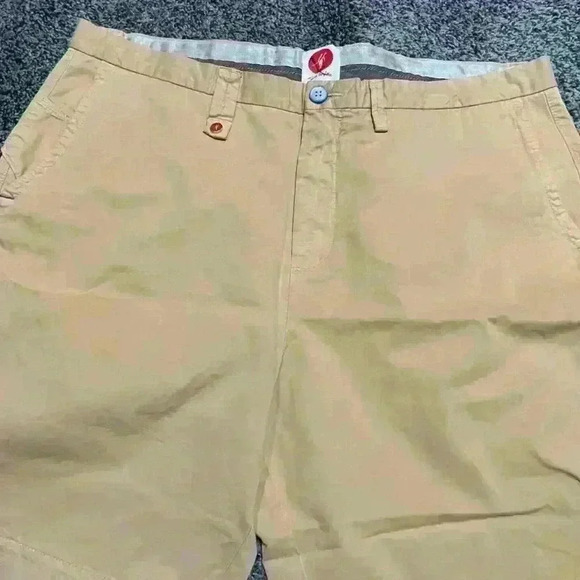 TOES ON THE NOSE DUNES WALKSHORTS KHAKI size 38 men’s khaki - Picture 2 of 6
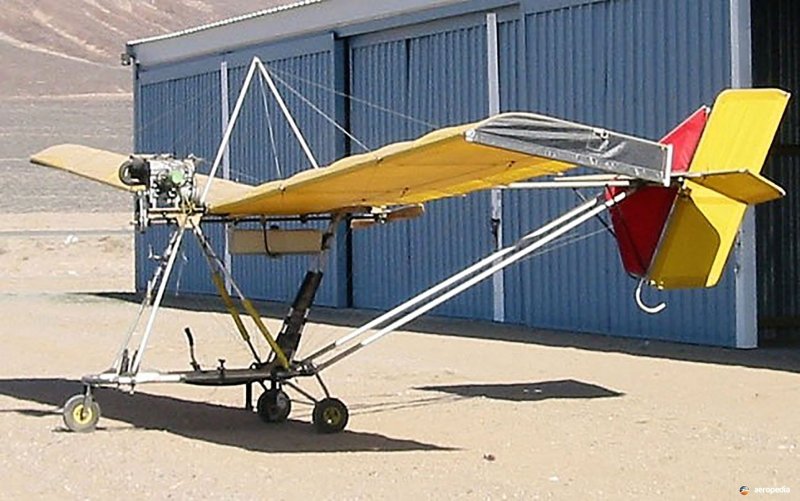 Ultralight aircraft 115 кг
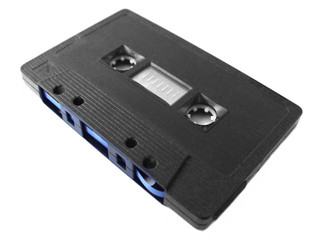 old style cassettetape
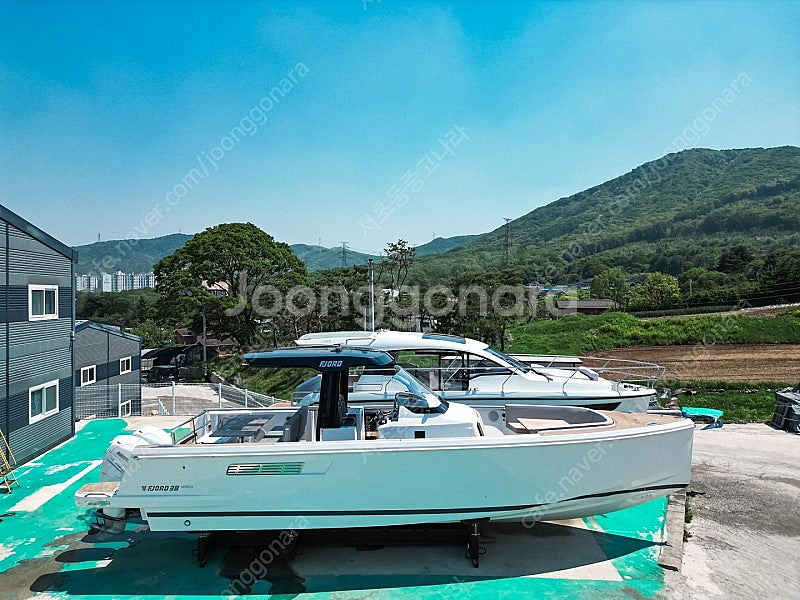 Fjord38 럭셔리 38피트 새 보트 판매 합니다--0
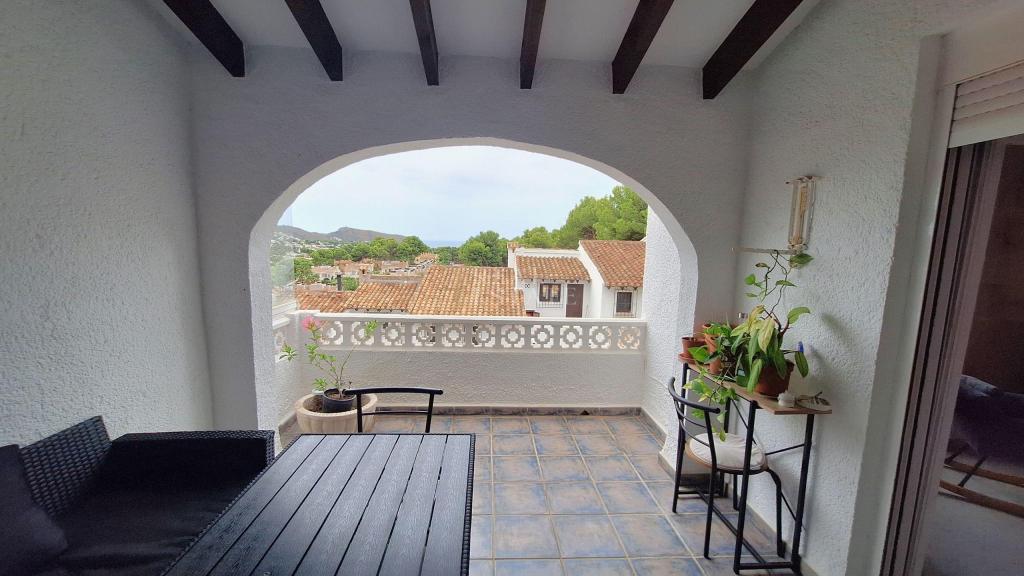 3 bed townhouse in Moraira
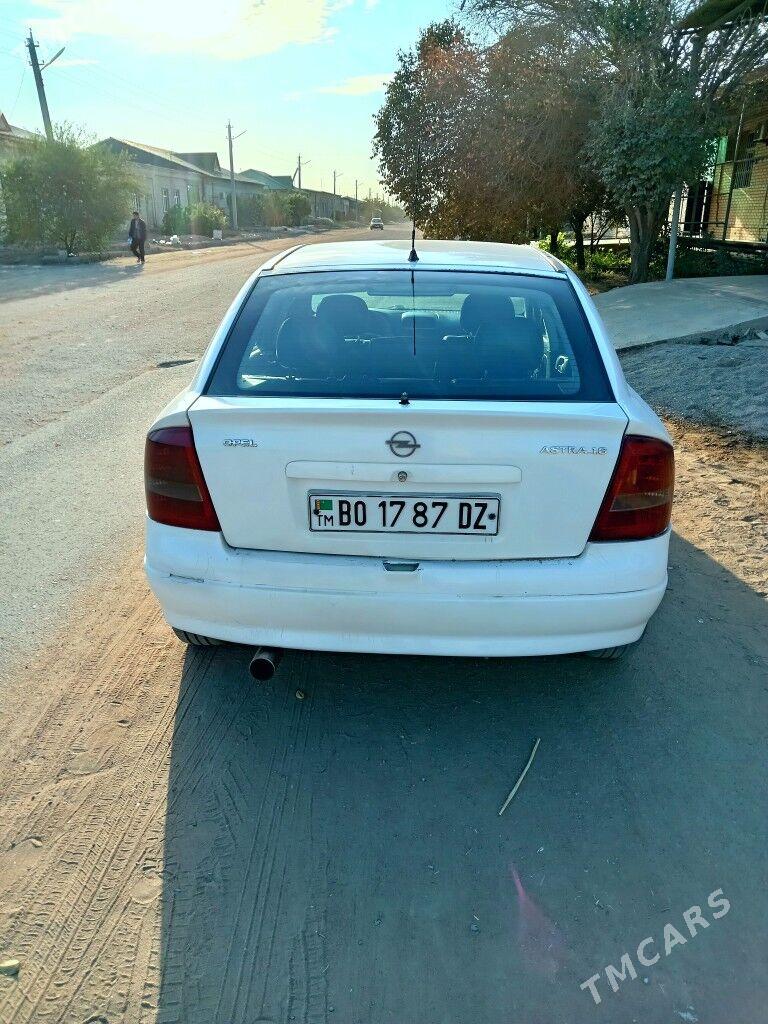 Opel Astra 2000 - 64 000 TMT - Дашогуз - img 2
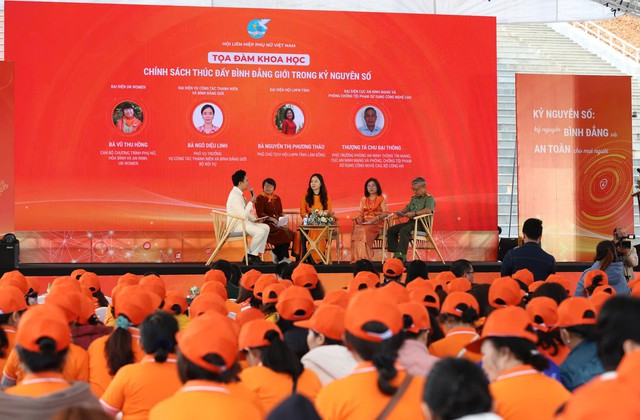 Bình đẳng giới và an toàn cho phụ nữ và trẻ em gái trong kỷ nguyên số - Ảnh 1.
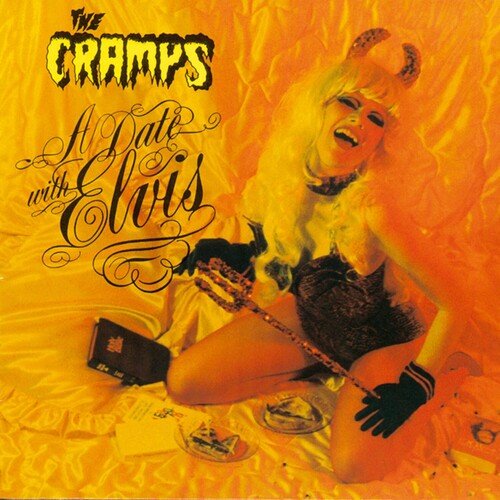 The Cramps - A Date With Elvis (Limited Edition Import, Orange Vinyl) (LP) - Joco Records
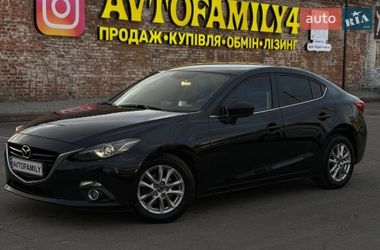 Седан Mazda 3 2014 в Днепре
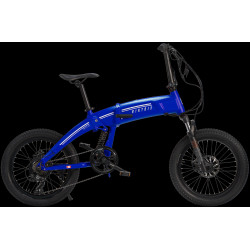 KUTTY-FS-DETAILS Kutty Fs - Lightweight, Full Suspension, Folding Ebike, 50Km Range, Throttle And Pedal Assist, 32Kph Top Speed, Rst Suspension Fork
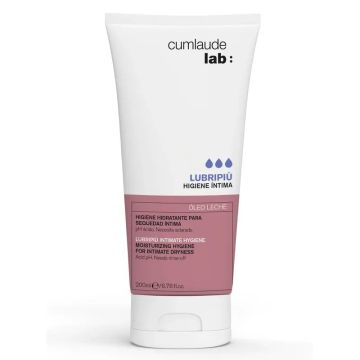 Cumlaude Lab Lubripiù Higiene Intima Oleo Leche, 200 ml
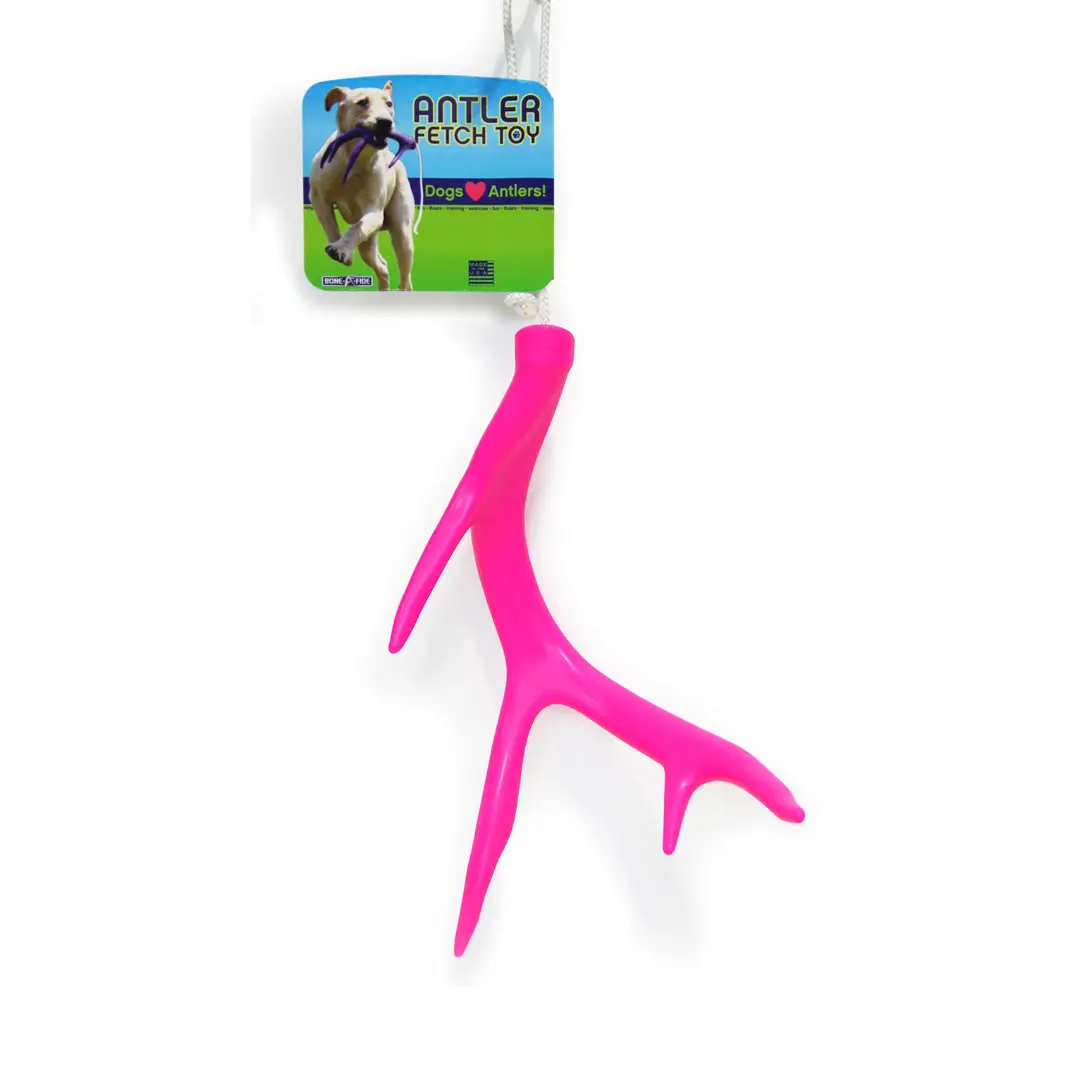 Colorful Antler Fetch Toy - Dog Toys - Dog Antlers - Retrieving Toys - Colorful Dog Toys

================

- PROBLEM
Output exactly the lines above, from the line with "Fjord38 럭셔리 38피트 새 보트 판매 합니다--0" to the line with "Седан Mazda 3 2014 в Днепре", both included; skip the pictures.

- RESPONSE BOX
 Fjord38 럭셔리 38피트 새 보트 판매 합니다--0
 3 bed townhouse in Moraira
 Opel Astra 2000 - 64 000 TMT - Дашогуз - img 2
 Bình đẳng giới và an toàn cho phụ nữ và trẻ em gái trong kỷ nguyên số - Ảnh 1.
 The Cramps - A Date With Elvis (Limited Edition Import, Orange Vinyl) (LP) - Joco Records
 Седан Mazda 3 2014 в Днепре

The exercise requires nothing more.